Olivier Kemeid tisse des liens entre le passé et le présent (et même l’avenir), que ce soit un passé mythologique, social ou individuel. Il entrera en fonction au poste de directeur artistique et codirecteur général du Quat’Sous (Montréal) à la fin du mois de septembre 2016.
Frédéric Dubois
Acteur de formation, mais metteur en scène de métier, Frédéric œuvre dans le milieu théâtral québécois depuis vingt ans avec des mises en scène audacieuses, marquées à la fois par la rigueur et le ludisme.
Lauréat de plusieurs prix prestigieux (John-Hirsh 2008, remis par le Conseil des arts du Canada et Révélation de l’année 2001) il se démarque sur toutes les scènes francophones du Québec en touchant autant le répertoire que la création d’œuvres originales. Citons quelques auteurs : Ionesco, Mrozek, Shakespeare, Miller, Pommerat, Tchekhov.

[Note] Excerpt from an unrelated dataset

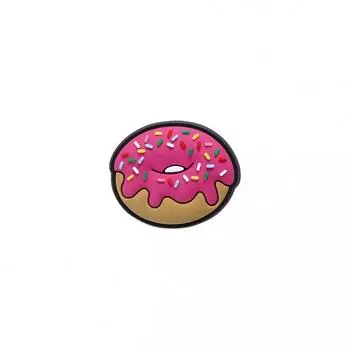Розовые пончики CROCS Jibits 10007334 FREE999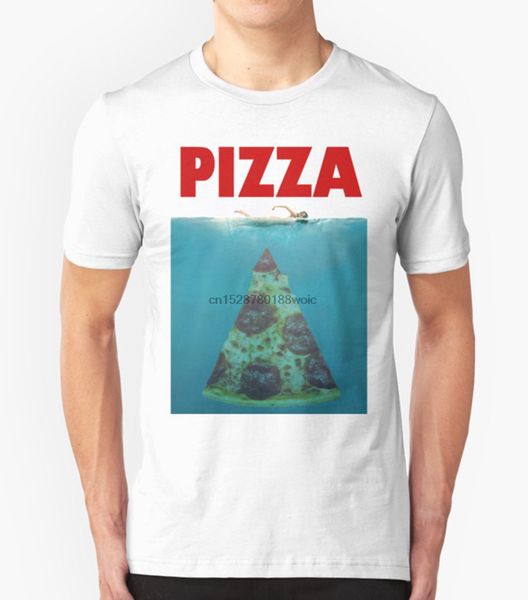 

pizza jaws t shirt funny slogan joke food pun sport hooded sweatshirt hoodie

Il a dirigé le Théâtre Périscope, à Québec de 2011 à 2016. Ce lieu propose au public des expériences théâtrales hors-norme et novatrices. Il a travaillé sur toutes les scènes du Québec ou presque : TNM (Le roi se meurt), Duceppe (Ils étaient tous mes fils), Trident (Ha ha.. ! , Les bons débarras), et signé toutes les mises en scène pour le TFT (Zazie dans le métro, Vie et mort du roi boiteux, Tout ce qui tombe), compagnie qu’il dirige depuis 1997. Il a aussi travaillé à trois reprises au Japon pour la compagnie Basta où il a repris la version japonaise de La libraire.
De 2009 à 2016, il a assuré la coordination artistique du parcours déambulatoire Où tu vas quand tu dors en marchant ? spectacle extérieur grandiose produit par le Carrefour international de théâtre de Québec. Présenté trois soirs pendant les cinq premières années, l’évènement a pris une telle ampleur et s’est si bien enraciné dans la capitale que depuis deux ans, il est présenté 9 soirs sur trois fins de semaine à un public de plus en plus nombreux (plus de 100 000 spectateurs).
Il prendra les commandes de la direction artistique de la section française de l’École Nationale de théâtre du Canada dès septembre 2016.